__Try it__. Please copy, exactly as they appear below, the lines from the one containing "Dog Training for" through the one containing "The wallet on".

__Supplied entries__.

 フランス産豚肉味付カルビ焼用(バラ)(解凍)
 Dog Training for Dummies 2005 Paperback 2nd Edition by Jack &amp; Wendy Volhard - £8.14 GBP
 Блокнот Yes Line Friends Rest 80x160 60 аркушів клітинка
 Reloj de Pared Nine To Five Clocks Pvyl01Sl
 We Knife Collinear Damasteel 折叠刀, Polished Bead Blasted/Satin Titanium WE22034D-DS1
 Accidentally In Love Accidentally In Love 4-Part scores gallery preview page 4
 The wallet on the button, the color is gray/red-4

* * *

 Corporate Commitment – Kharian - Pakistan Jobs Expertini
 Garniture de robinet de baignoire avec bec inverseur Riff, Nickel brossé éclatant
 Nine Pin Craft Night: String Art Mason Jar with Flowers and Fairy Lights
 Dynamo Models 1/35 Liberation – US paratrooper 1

* * *

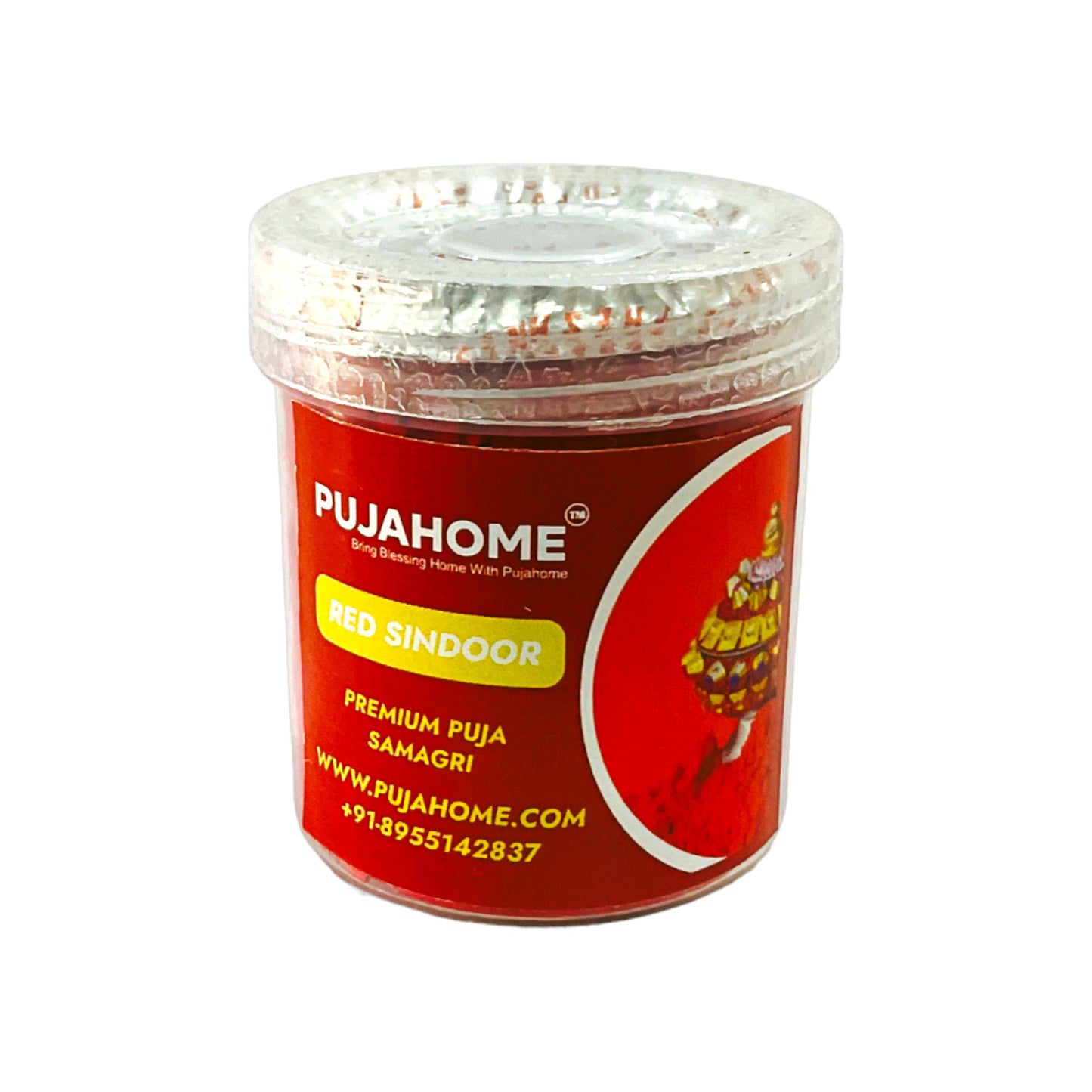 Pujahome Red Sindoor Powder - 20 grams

__Solution to this task__.
 Dog Training for Dummies 2005 Paperback 2nd Edition by Jack &amp; Wendy Volhard - £8.14 GBP
 Блокнот Yes Line Friends Rest 80x160 60 аркушів клітинка
 Reloj de Pared Nine To Five Clocks Pvyl01Sl
 We Knife Collinear Damasteel 折叠刀, Polished Bead Blasted/Satin Titanium WE22034D-DS1
 Accidentally In Love Accidentally In Love 4-Part scores gallery preview page 4
 The wallet on the button, the color is gray/red-4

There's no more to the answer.